Families with vulnerable children and teens are in dire need of an educational helping
hand. For some 2 per cent to 4 per cent of children and youth with severe learning
challenges, the regular classroom is the problem (Bennett, 2012NS, 2012NB). If that
is the case, then we need to look at different ways of delivering a “full spectrum” of
services. The proven results of Nova Scotia’s TSP are the clearest indication, so far,
that severely learning-challenged students can achieve greater success and that it is
time to sweep away the remaining obstacles to change.

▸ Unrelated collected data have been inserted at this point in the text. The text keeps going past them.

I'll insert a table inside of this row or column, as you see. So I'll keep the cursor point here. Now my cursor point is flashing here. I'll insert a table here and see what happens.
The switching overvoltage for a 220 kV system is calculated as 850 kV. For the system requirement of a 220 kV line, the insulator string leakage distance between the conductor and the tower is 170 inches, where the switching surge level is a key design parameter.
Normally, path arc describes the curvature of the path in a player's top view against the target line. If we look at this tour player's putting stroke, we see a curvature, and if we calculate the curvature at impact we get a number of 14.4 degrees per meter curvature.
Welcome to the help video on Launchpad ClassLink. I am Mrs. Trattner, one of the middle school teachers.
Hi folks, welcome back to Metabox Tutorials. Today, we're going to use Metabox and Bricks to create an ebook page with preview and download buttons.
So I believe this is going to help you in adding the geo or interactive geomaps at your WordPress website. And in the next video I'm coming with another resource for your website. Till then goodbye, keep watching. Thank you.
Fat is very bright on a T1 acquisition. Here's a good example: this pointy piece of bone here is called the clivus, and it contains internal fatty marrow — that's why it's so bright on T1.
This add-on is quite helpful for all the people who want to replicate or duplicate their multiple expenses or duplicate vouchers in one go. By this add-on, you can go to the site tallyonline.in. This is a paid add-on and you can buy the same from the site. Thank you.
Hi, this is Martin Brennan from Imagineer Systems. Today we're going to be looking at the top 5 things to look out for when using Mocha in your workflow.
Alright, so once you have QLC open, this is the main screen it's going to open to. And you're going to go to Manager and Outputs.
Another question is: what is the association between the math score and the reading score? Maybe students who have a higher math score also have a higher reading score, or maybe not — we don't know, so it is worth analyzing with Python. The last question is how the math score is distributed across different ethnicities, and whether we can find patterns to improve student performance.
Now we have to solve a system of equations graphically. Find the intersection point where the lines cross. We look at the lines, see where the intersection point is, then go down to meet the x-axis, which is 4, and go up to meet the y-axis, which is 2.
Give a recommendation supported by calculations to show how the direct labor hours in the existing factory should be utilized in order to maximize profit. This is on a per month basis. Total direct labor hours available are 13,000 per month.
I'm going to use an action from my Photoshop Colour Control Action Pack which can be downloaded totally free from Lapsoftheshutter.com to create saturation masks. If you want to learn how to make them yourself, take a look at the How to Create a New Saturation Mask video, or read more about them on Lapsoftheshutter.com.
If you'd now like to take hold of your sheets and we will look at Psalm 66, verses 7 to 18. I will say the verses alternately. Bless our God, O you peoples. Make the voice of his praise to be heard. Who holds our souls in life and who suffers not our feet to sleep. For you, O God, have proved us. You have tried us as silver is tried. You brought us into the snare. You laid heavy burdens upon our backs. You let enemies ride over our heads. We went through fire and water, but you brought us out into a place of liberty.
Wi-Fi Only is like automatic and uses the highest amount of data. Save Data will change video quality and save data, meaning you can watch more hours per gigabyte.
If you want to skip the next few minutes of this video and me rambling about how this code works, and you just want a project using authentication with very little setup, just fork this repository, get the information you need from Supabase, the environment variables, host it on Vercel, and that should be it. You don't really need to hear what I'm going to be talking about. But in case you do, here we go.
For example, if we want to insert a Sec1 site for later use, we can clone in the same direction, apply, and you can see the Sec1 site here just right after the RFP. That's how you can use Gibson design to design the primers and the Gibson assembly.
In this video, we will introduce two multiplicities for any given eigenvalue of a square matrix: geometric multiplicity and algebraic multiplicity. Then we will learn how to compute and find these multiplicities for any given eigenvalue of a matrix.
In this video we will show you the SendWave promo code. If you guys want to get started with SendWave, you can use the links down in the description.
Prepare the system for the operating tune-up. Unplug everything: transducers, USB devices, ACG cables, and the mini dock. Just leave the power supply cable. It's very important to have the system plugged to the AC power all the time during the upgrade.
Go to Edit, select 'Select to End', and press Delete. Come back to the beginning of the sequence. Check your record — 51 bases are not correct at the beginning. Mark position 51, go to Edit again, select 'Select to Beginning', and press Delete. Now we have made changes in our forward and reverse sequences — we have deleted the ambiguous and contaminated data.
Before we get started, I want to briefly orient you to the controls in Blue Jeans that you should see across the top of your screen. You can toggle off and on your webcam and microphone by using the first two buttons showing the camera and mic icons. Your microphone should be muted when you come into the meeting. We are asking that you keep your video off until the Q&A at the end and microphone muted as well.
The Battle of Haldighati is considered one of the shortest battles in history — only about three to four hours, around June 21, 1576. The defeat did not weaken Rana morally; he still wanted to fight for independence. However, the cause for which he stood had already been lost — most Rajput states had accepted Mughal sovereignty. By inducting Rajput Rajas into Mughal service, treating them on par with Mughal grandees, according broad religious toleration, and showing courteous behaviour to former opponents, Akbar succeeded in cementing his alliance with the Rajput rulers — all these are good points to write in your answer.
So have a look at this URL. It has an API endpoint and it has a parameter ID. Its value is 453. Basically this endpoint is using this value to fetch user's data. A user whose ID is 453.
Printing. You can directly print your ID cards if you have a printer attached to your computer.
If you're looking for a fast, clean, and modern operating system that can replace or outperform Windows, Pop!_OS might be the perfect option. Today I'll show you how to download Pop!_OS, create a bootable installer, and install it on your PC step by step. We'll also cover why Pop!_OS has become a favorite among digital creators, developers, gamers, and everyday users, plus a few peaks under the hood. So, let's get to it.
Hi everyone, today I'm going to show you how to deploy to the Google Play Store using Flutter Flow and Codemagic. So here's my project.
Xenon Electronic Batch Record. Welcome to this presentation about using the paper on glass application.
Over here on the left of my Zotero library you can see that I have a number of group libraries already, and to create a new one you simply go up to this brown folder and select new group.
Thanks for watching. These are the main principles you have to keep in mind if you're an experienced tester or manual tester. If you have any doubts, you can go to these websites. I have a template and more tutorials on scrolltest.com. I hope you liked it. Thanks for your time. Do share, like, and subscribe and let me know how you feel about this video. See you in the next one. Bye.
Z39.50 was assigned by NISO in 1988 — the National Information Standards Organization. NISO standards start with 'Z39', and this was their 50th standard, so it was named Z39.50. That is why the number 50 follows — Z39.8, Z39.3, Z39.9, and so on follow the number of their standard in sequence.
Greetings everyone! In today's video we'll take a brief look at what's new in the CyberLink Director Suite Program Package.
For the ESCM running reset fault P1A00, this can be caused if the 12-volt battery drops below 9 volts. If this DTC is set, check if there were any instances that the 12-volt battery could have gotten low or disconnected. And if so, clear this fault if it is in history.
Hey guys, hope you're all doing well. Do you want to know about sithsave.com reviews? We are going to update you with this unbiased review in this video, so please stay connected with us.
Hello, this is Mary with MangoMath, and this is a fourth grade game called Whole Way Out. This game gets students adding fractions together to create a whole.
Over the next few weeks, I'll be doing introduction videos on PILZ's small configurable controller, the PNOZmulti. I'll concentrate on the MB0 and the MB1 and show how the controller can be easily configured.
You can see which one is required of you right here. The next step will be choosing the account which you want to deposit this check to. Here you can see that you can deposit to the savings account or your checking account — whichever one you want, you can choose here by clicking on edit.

The next frontier is New Brunswick, where the needs are great and the options
severely limited for children who do not fit the current one-size-fits-all model of public
schooling. One school already exists, Riverbend Community School in Moncton, and
it could well be the logical place to start in accrediting DSEPS along the same lines as
in Nova Scotia. In New Brunswick, it has to start somewhere because the crying needs
of severely learning-challenged students are simply not being met under the current
model (Bennett, 2012NB). This report will make it clear that Riverbend Community
School offers exactly the kind of special education program urgently needed, not just
in Greater Moncton but — where numbers warrant — throughout New Brunswick.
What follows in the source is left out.